BOISE — Idaho Lt. Gov. Janice McGeachin may forego her salary for the final months of the state’s fiscal year to make up for her office’s budget shortfall, according to new analysis from the Comptroller’s Office. State of Idaho, but she will have to be given back pay after the start of the new fiscal year on July 1, per constitutional requirements.
This means that the office of the lieutenant governor will start the next fiscal year, for which the budget has already been set, with a deficit. And it will be up to McGeachin, who will continue as lieutenant governor until the end of the calendar year, to take steps to avoid leaving a deficit for his successor in office when he takes office. in January.
“If we find that she is not expected to exceed her personnel budget after the first pay periods, we would at least be confident that there are enough personnel dollars in this fiscal year to make up the shortfall for the year. previous year and his salary,” said Chief Assistant Comptroller Josh Whitworth, who authored the two-page analysis.
Last week McGeachin, who did not respond to a request for comment on Monday, sent out a press release saying his “office budget is balanced” and decrying reports of his deficit as “misinformation.” However, this directly contradicted state budget documents, which showed an estimated deficit of $2,067.83. McGeachin, who is running for governor, has no office staff left, her office doors are locked, and she has offered to forgo her salary and benefits for the remainder of the fiscal year to fill shortfall.
The Idaho Constitution, in Article V, Section 27, prohibits changing the salary of statewide elected officials while in office; it is to avoid the interference of the legislative power in the executive power. That’s why the legislature sets the salaries of statewide elected officials every four years, before they begin their term.
“The new fiscal year begins July 1 and ends June 30,” said Alex Adams, state budget director and administrator of Idaho’s Financial Management Division. “You have a lieutenant governor who would serve in that position for half the year, and then the state is about to elect a new lieutenant governor who would serve from January through June. So by distributing the debt from one fiscal year to the next, it has an impact on the next lieutenant governor. They essentially inherit a deficit because it pushes payroll spending this year into next year.
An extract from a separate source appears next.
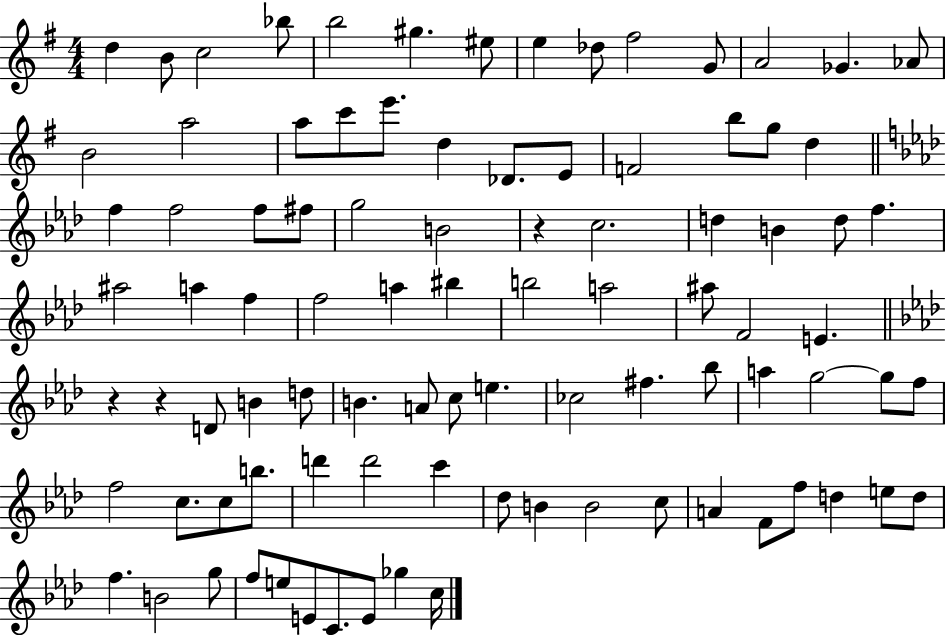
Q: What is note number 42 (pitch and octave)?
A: A5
The budget for the Office of the Lieutenant Governor for the next fiscal year has already been set by the Legislative Assembly and signed into law by the Governor. It’s $202,000, all in public funds.
This year, McGeachin exceeded her office budget by $183,100 when she redirected staff funds to pay for court-ordered attorney fees at the Idaho Press Club after losing a public records lawsuit for wrongfully denying public records requests from several Idaho journalists for thousands of public comments submitted to his task force investigating alleged left-wing indoctrination in Idaho schools. The court fined McGeachin $750 for ‘bad faith’ violations of Idaho’s public records law, ordered him to release the documents and ordered him to pay the Press’ attorney fees. Club, in the amount of $28,973.84. When the comments were published, they overwhelmingly opposed the task force and its claims.
McGeachin was notified on March 11 of an expected shortfall of more than $22,000, although she immediately halted all supplier payments for the remainder of the year. At the time, she had two staff members, including a chief of staff, Jordan Watters, and a part-time administrative assistant, Machele Hamilton; she has none now.
McGeachin initially asked the Legislature to approve a $50,000 increase in his budget this year for court costs, then cut the amount to match the court-ordered payment, but the joint budget committee of the The Legislative Assembly never acted on the request for the additional appropriation.
Whitworth’s analysis found that “the lieutenant governor or staff made management decisions that shifted appropriated funds from the staff vote to the operating vote. No additional appropriation for the 2022 financial year was obtained by the office. And, according to the analysis, “no immediate action was taken by the Lieutenant Governor or staff to adjust staffing plans, resulting in a projected overspending.”
State law and the Constitution prohibit overspending of the state budget.
The Lieutenant Governor’s salary is currently $48,406 per year.
Two Republicans are currently facing each other in the GOP primary for lieutenant governor on May 17, current House Speaker Scott Bedke and state Rep. Priscilla Giddings, R-White Bird. The winner will face Democrat Terri Pickens Manweiler, a Boise lawyer who has no opposition in the Democratic primary; and the “Pro-Life” Constitutional Party candidate, known as Marvin Richardson before legally changing his name, in the November general election.